7. After the remand the petition was once again decided by the learned District Judge, Hoshiarpur, vide judgment and decree dated 19-2-1983 After appraising the evidence adduced on the record by the appellant and led in defence by the respondent he held that both the grounds of cruelty and desertion stood establish and, therefore, granted a decree of divorce in favour of the appellant and against the respondent, dissolving the marriage between them. This second judgment and decree of the learned District Judge was again made the subject-matter of F.A.O. No. 54-M of 1983, filed by the respondent in this Court which was decided by M.M. Punchhi, J. on July 26, 1984. It was observed that the evidence that has been taken into consideration while granting the decree was not based on any pleadings. The acts of cruelty which were sought to be proved in the course of evidence were not specifically pleaded in the petition. On a prayer made on behalf of the appellant, he was allowed to amend the petition subject to payment of Rs. 1000/- as costs, so as to plead all those alleged facts which constituted cruelty according to the evidence adduced by him. The judgment and decree were, therefore, once again set aside and the case was remanded to the learned District Judge to proceed in accordance with law.

8. The amended petition was filed before the learned District Judge on 14-6-1985. Written statement to the same was filed by the respondent on 10-9-1985. A rejoinder was filed by the appellant on 289-1985. No fresh issue was claimed by the parties. At this stage the case was transferred to the court of learned Additional District Judge, Hoshiarpur. He afforded opportunity to the parties to lead evidence Learned counsel for the appellant made a statement on 26-11-1985 that he did not want to lead any evidence after amendment of the pleadings. The respondent, however, wanted to lead evidence. She produced Dharam Paul PW 5 who simply stated that when at the earlier stage the case was pending before the learned District Judge, a compromise was arrived at between the parties, which was sought to be produced in the Court but was not taken on record. Besides this no other evidence was produced and the respondent closed her evidence. After re-appreciating the evidence already on the record, the learned Additional District Judge decided both the issues against the appellant and held that neither the ground of cruelty nor that of the desertion was established. As a consequence, vide judgment and decree under appeal, the petition filed by the appellant was dismissed.

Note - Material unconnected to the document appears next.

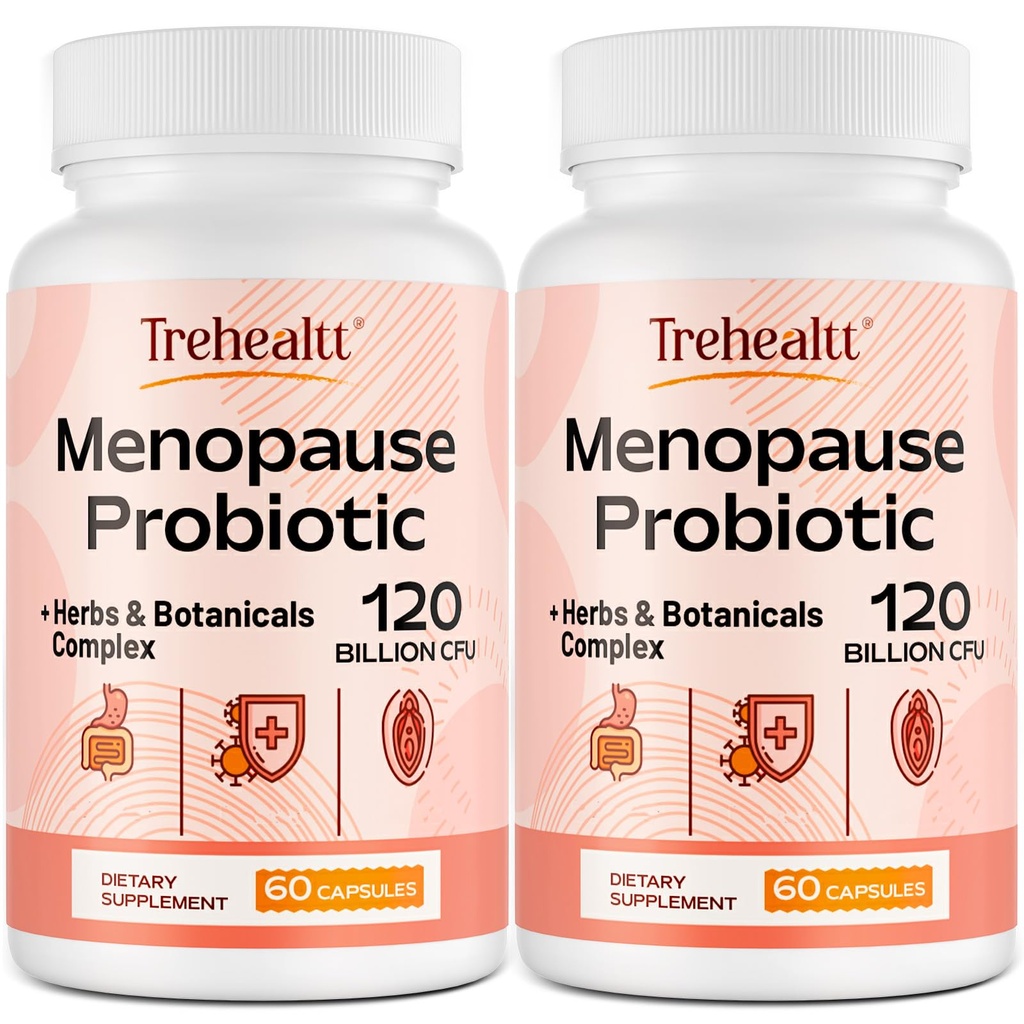 Menopause supplements for women, 120 Billion CFU Probiotic, 13-in-1 Herbs & Botanicals Complex, for Hormone Menopause, Hot Flashes, Night Sweats, Mood Swings, Sleep Disturbances, Vegan, 120 Caps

9. I have heard the learned counsel for the parties on 27-1-1987. On that date learned counsel for the appellant paid a sum of Rs. 280/- to the counsel for the respondent, as the balance amount of maintenance pendente lite upto 31st January 1987, after adjusting the amount deposited by the appellant towards maintenance under Section 125, Code of Criminal Procedure. Interestingly, despite the fact that in the first instance the decree of divorce was granted in favour of the appellant on the ground that the respondent had made unfounded allegations against him in her reply, assailing his character, which by itself constituted cruelty, he did not incorporate this ground in his amended petition. Likewise, while filing reply to the ameded petition the respondent did not repeat the allegations that the appellant was a drunkard or a debauch and instead stated that what had been alleged in the petition as acts of cruelty on her part, amounted to her vilification and character assassination. She, no doubt, added that the appellant was addicted to liquor and was in the habit of coming home after becoming drunk and deriving pleasure by abusing her in an irresponsible manner. It is to be noted that the appellant while amending the petition, introduced in the petition all those instances which according to him amounted to acts of cruelty on the part of the respondent, and in support of which he had already led evidence on the record.

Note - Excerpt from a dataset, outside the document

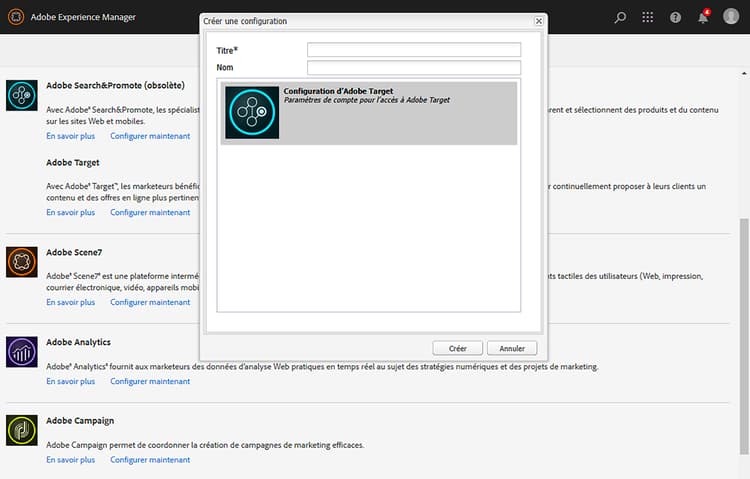 Configuration d’Adobe Target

10. Learned counsel for the appellant contends that the approach of the learned Additional District Judge to the case while appreciating the evidence was erroneous. The learned trial Judge has observed that the appellant has tried to incorporate in the petition in the year 1985 the pleas consistent with the evidence which he led in the year 1980 and which were conspicuously absent from the averments in the petition as originally filed by him. The learned trial Judge then proceeded to appreciate the evidence with suspicion and considered the same as afterthought. This approach of the learned trial Judge, according to the learned counsel for the appellant, was clearly wrong I agree with this submission. When an amendment of the pleadings is allowed, it relates back to the date when the pleadings were originally filed. After the amendment, the Court is required to look at the amended pleadings and leave out of consideration those before the amendment. It is thus, in this perspective that the evidence on the record has to be appreciated.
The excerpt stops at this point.